# Why high-quality data is important

Article discussing data quality control

A growing number of biological topics may now be understood, thanks to high-throughput sequencing methods. These technologies have continued to advance, and, most recently, long-read sequencing has expanded its applications in genomics, transcriptomics, and metagenomics by surpassing earlier accuracy constraints. This means that generating a huge amount of data requires curation before any downstream analysis. Next-generation sequencing’s most popular raw data format is identified by the FASTQ file extension. Sequence data and a quality score for each site are included in the data format created by sequencing platforms.

## FASTQ Format

The FASTQ file contains four lines of information:

1) The header line begins with @ and has information about the unique instrument name, run ID, flow cell ID, flowcell lane, tile number, X and Y coordinates of clusters in the tile, paired(1) or mate-pair(2), status about the read is filtered or not (Y – filtered, N-not), control sample status (0 when none), and index sequence
2) A, T, G and C of the read
3) A line with (+) sign
4) Quality score of each base in ASCII format

## Quality control

Quality control generally involves calculating the number of reads, GC content to identify overrepresented sequences, discarding reads with Ns (uncalled bases), removing adaptor sequences, and removing or trimming low-quality bases. These are necessary to lessen the likelihood of bias in variant calling and/or new assembly before any downstream process.

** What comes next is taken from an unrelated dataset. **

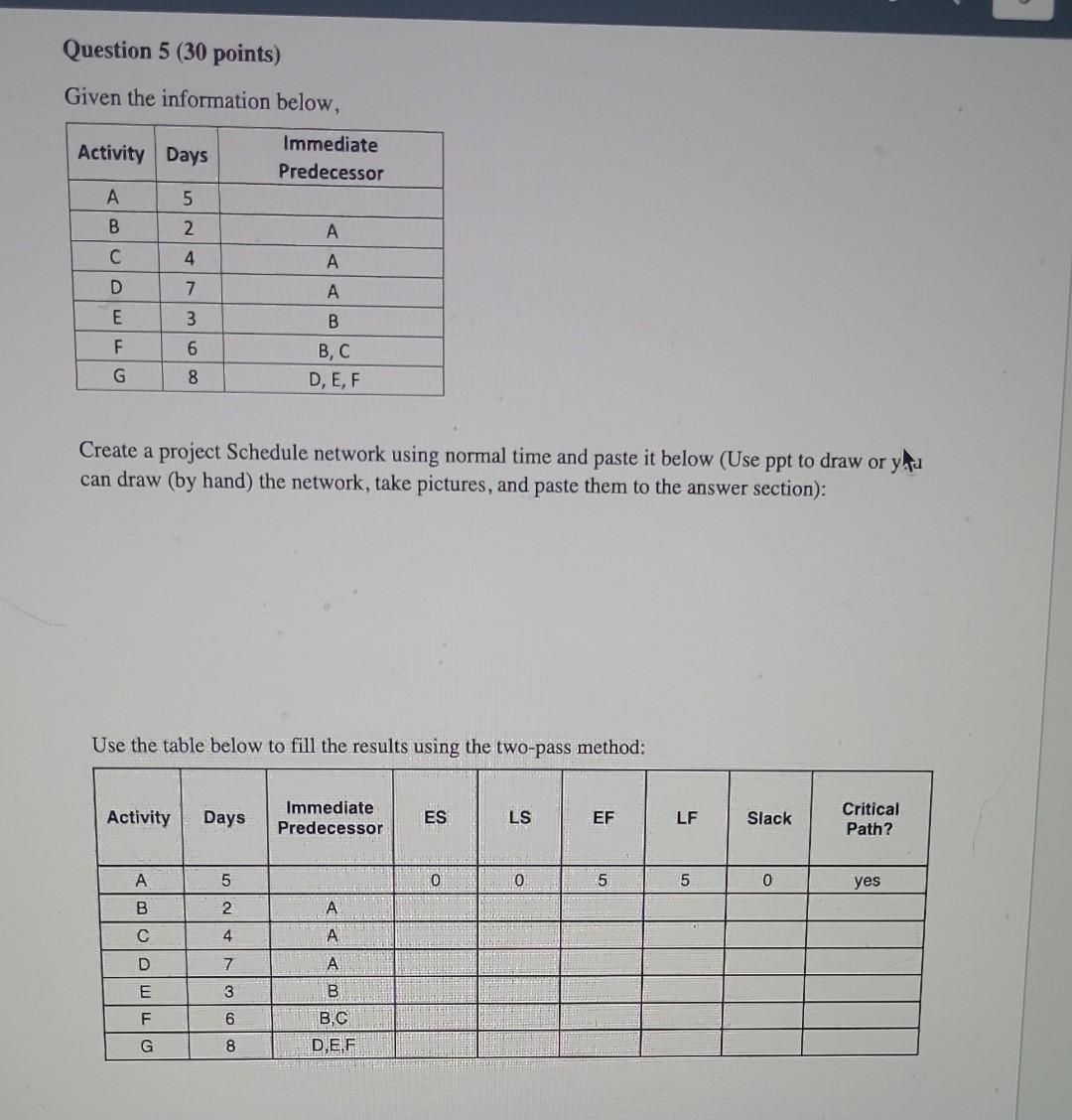 Given the information below, Create a project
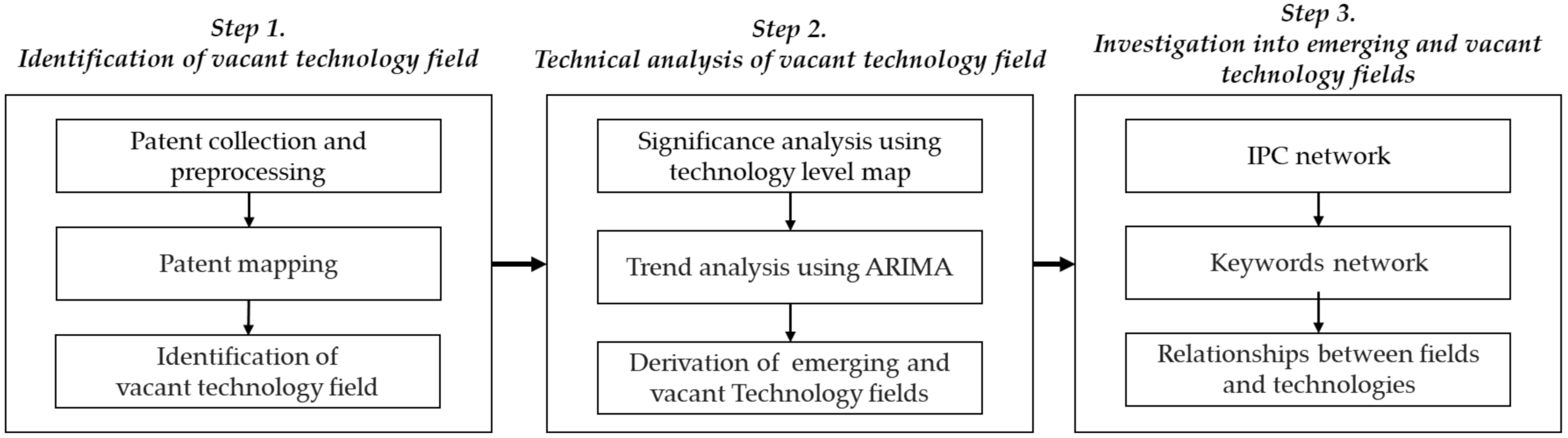 Applsci 11 00499 g001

There are several tools which perform quality checks for the given reads such as FastQC, Scythe and Sickle, but, FastQC is the most commonly used program. This program performs various tests and produces basic statistics indicating pass (green tick), warning (yellow) and failed (red). It produces, per tile, Sequence Quality in which the colour of the tiles indicates the read quality which can be seen in cells. Per-base Sequence Content provides the percentage content of A, T, G and C base within a read. Per base N content will provide Ns present in a given read. Reads with Ns are normally discarded. Sequence Duplication Levels show the level of duplication, a high level shows bias in the enrichment step. Adapter content will show the presence or absence of adapters.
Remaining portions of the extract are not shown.